I am about to make a prediction about an event which will take place on Sunday evening. It's only a guess, but I think it is a good guess. See if you agree. But first, the basis of my guesswork:
I don't often listen to 'The Archers', the BBC Radio 4 serial drama set in a fictional Midlands village called Ambridge. But I have family members and friends who do, and so I am compelled to take a vague interest in its plot. I have to admit that I have also been fascinated for many years by Vanessa Whitburn, editor of the programme. Indeed, I count her as a sort of discovery, along with another of my favourite characters in modern PC Britain, the policewoman Cressida Dick.
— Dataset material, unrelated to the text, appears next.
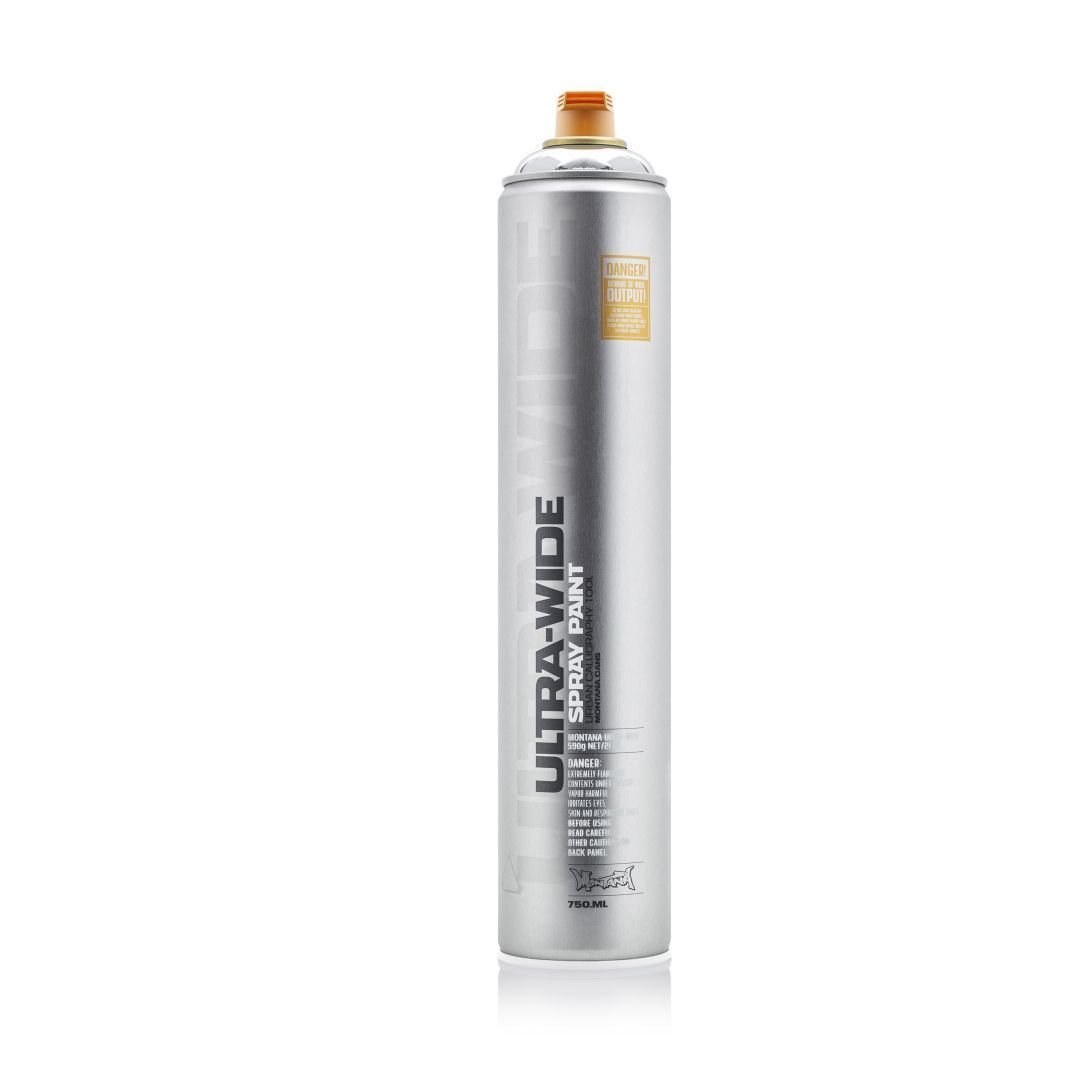 Montana Ultra Wide 750ml Spray Paint Can - Ultra Wide Silverchrome (B074Y9L2Z8) Amazon Price History, Amazon Price Tracker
I mentioned the interesting Ms Dick many years before she became famous, in my 'Brief History of Crime' (reissued as 'The Abolition of Liberty') .But Ms Whitburn featured strongly in my 1999 book 'The Abolition of Britain'. In a chapter called 'Suburbs of the Mind', which dwelt on the propaganda effect (and intent) of so-called soap operas, I quoted Ms Whitburn as having said: 'To be PC is really to be moral. It is having a correct moral stance. PC is, in fact, my moral plank. I don't think that wishy-washy liberal ideology works anymore.'
She also once said: 'Drama always has to move you to make you think, and distress you for a purpose.'
A few weeks ago in the 'Guardian' (13th December, G2), Ms Whitburn disclosed that she planned a major plot development in 'The Archers' to mark its 60th anniversary. It would, she said, shake the fictional village of Ambridge to its fictional core.
But she would not say what it would be. But it will be 'controversial'. Knowing Ms Whitburn's provenance, her desire to distress for a purpose, and move to provoke thought, her love of political correctness, I fell to wondering what it could possibly be.
My sources among Archers listeners weren't much use. They explained the cobweb of personal hatreds, jealousies and resentments which form the drama's current plot. They went on about a character called 'Helen' who is apparently going to have a fictional baby.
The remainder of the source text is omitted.